How to determine how many messages were pulled in?
ricks03 opened this issue · 6 comments
My number of files in mbox, and my number of messages in the google group, aren't the same. What's the best way to determine why?
My number of files in mbox, and my number of messages in the google group, aren't the same. What's the best way to determine why?
May you share the number of the difference? How many lines did you get in the output script? My sample script as below
#!/usr/bin/env bash
export _ORG="${_ORG:-}"
export _GROUP="${_GROUP:-bbedit}"
export _D_OUTPUT="${_D_OUTPUT:-./bbedit/}"
export _USER_AGENT="${_USER_AGENT:-Mozilla/5.0 (X11; Linux x86_64; rv:74.0) Gecko/20100101 Firefox/74.0}"
export _CURL_OPTIONS="${_CURL_OPTIONS:-}"
__curl_hook ()
{
:
}
__curl__ ()
{
if [[ ! -f "$1" ]]; then
echo ":: Downloading '$1'..." 1>&2;
curl -Ls -A "$_USER_AGENT" $_CURL_OPTIONS "$2" -o "$1";
__curl_hook "$1" "$2";
else
echo ":: Skipping '$1'..." 1>&2;
fi
}
__curl__ "./bbedit//mbox/m.00ZxvsSgSx0.6kyK1BoUizkJ" "https://groups.google.com/forum/message/raw?msg=bbedit/00ZxvsSgSx0/6kyK1BoUizkJ"
__curl__ "./bbedit//mbox/m.00ZxvsSgSx0.fiOWi-cJqykJ" "https://groups.google.com/forum/message/raw?msg=bbedit/00ZxvsSgSx0/fiOWi-cJqykJ"
# ...
If there is any mismatch (number of __curl__
in the output script vs the number of messages in the google group, I'd suggest you to rerun the process, i.e, delete all local (cache) files, before you start.

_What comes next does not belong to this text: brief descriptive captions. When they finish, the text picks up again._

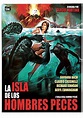La isla de los hombres peces - La Casa del Cine para Todos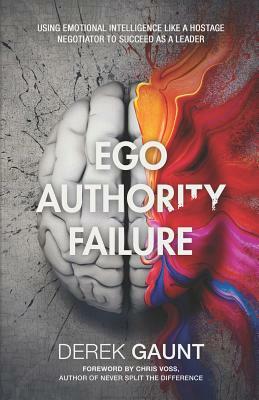 Ego, Authority, Failure: Using Emotional Intelligence Like a Hostage Negotiator to Succeed as a Leader by Derek Gaunt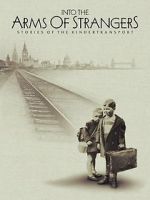Watch Into the Arms of Strangers: Stories of the Kindertransport Merdb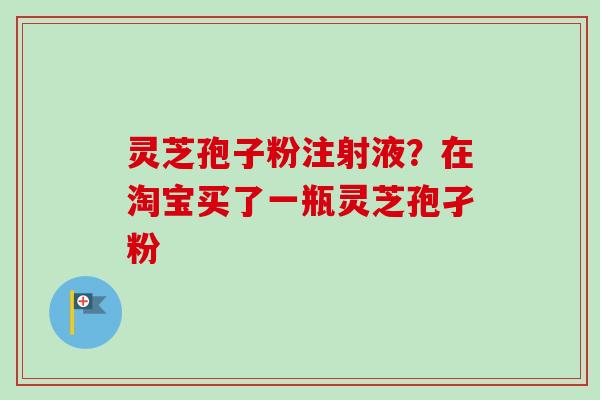 灵芝孢子粉注射液？在淘宝买了一瓶灵芝孢孑粉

I haven't seen that issue so far. The best thing is to run the script in verbose mode, for example, you can rerun the the whole process, and try bash -x output-script.sh
.
edit: fix typo errors
My curl file shows 17625 lines all told. My google group shows 5861 messages. I have 17593 files in the folder on the server. (which is about right for the number of lines in the curl file).
My best guess is that each curl line is a message, but the google group shows the number as threads.
Right the output script contains curl
commands to download messages (emails). Each thread (topic?) in your google group may contain multiple messages. I wrote down what I knew about google group in the code too:
google-group-crawler/crawler.sh
Line 28 in c183ffd
Hope this helps to explain your issue.
Edit: Fix typo errors
My best guess is that each curl line is a message, but the google group shows the number as threads.
Oh , how many files did you see in the threads
/ folder? Basically there are three folders (threads, msgs, mbox). Maybe one of them matches your expected number...
Threads is 293. mbox is 17593. msgs is 5880. Aha! So that's where it is, in messages. Thx.
Great you've found that ;)
threads
is an attempt to find all threads (topics) id. So if you get number of lines in all files in threads
, you almost get the right number.
Each file in msgs
contains all links to messages within each thread. It comes with pagination so the number may vary, and it's often greater than number of threads you have. (5861 threads with pagination --> 5880 I guess.)
The last one, mbox
, contains all individual emails/messages in the whole group, and it's often a lot.